We have several independent databases that have data and code in common, not in the sense that it is accessed between the databases but in the sense that the data means the same thing in each database, and the code does the same thing.
- Configuration settings (e.g. error codes 50xxx, boilerplate text for company name, etc).
- Procedures and functions that perform common tasks (e.g. converting a CSV string into a table, logging an error, formatting an error message based on the error code).
- Table structures (e.g. table for database version history, table for logging errors). As well as the columns, constraints, and triggers there are also common procedures and functions that read/write the data.
- Look-up tables (e.g. date look-up table containing dates between 2000-2100). These are similar to table structures but quite often the data will be the same across the databases. In the case of the date table, the start and end dates are configuration settings, which are read by a function, then the date data is generated by a procedure. All these operations are common between the databases.

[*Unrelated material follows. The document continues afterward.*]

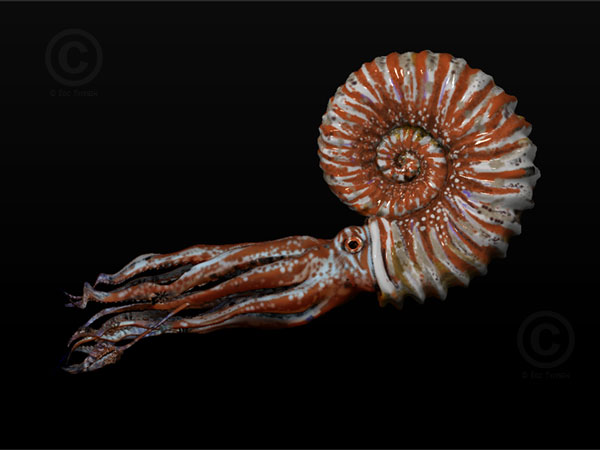 ammonite nudity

- User defined types (e.g. types for passing tables to functions).
For maintenance and support reasons I think it makes sense for things like error codes, procedures, functions, and types to have a "single point of truth" across all the databases, not a different truth in each database.
At the moment each database has it's own copy of everything, including source repository, and we maintain them all independently. This is far from ideal because it's too easy to fix a procedure in A and forget to put it in B, or add an error code to A and the same one to B but they mean different things, etc.
The databases are not updated at the same time and they don't necessarily reside on the same hardware. There are cases where they can read data from each other (if the other one exists).
Is there a standard way of having a single point of truth for data/code that is used across more than one database?